• **What the exercise asks**
What is needed is each line of the data below that holds the string "Image".

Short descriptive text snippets
====================

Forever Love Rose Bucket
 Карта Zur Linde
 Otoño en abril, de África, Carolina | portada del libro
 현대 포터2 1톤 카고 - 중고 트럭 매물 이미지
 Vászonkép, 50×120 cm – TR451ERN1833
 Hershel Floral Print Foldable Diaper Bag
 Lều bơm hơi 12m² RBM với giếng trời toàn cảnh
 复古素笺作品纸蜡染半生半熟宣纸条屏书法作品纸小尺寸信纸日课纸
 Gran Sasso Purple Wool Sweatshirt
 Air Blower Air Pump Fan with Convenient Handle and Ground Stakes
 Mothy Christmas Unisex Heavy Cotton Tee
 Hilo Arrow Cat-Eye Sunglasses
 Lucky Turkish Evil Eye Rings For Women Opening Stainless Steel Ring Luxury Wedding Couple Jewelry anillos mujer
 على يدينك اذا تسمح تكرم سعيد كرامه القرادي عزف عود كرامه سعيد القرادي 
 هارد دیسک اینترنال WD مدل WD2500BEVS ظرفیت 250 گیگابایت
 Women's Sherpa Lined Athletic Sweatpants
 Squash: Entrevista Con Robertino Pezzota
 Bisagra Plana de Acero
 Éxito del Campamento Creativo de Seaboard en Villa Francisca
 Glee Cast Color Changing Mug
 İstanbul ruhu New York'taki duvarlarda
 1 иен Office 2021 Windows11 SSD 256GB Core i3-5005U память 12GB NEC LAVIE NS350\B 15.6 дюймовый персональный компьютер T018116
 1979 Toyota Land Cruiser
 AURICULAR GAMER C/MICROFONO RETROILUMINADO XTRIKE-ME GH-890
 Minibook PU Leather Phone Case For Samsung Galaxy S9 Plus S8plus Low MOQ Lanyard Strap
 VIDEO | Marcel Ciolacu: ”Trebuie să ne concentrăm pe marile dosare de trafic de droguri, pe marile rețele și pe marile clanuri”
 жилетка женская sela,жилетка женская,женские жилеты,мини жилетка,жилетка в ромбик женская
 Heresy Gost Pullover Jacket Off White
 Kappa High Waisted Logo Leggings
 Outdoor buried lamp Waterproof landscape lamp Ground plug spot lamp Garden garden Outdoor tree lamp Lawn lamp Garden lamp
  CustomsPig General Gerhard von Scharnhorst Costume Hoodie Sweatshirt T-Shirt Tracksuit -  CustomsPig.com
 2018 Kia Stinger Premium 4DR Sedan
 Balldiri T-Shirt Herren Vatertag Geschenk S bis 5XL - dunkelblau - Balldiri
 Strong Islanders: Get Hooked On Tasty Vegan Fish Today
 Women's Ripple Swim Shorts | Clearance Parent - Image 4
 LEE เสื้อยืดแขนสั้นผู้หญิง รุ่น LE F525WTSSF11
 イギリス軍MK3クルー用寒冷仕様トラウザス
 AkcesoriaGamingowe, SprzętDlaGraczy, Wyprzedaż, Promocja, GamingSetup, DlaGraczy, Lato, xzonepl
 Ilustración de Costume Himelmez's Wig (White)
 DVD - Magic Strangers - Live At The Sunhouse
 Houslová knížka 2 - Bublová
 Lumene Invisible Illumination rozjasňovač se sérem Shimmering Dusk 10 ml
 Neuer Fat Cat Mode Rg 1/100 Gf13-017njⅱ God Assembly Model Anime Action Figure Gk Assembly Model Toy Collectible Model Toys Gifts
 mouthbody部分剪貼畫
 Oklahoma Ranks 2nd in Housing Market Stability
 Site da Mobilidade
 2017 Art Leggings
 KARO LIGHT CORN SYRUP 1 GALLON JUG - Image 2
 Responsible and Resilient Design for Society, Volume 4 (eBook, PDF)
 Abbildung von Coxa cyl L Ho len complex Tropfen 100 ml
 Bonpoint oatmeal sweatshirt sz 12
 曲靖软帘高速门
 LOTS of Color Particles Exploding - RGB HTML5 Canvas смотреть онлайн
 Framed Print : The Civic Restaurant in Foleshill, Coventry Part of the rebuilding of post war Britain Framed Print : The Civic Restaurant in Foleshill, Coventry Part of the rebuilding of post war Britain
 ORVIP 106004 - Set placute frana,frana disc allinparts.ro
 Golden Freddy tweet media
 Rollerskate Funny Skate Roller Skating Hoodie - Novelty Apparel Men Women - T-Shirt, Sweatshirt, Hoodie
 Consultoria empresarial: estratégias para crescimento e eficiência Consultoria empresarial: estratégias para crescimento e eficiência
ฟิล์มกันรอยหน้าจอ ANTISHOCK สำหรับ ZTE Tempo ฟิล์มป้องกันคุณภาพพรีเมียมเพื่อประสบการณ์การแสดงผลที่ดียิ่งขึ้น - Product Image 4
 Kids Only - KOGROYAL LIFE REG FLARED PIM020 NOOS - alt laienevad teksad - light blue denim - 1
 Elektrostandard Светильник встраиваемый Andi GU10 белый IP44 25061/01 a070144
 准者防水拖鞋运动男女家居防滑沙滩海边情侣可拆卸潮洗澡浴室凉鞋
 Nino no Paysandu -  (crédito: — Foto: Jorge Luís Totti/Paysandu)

====================

• **Task response**
 Women's Ripple Swim Shorts | Clearance Parent - Image 4
 KARO LIGHT CORN SYRUP 1 GALLON JUG - Image 2
ฟิล์มกันรอยหน้าจอ ANTISHOCK สำหรับ ZTE Tempo ฟิล์มป้องกันคุณภาพพรีเมียมเพื่อประสบการณ์การแสดงผลที่ดียิ่งขึ้น - Product Image 4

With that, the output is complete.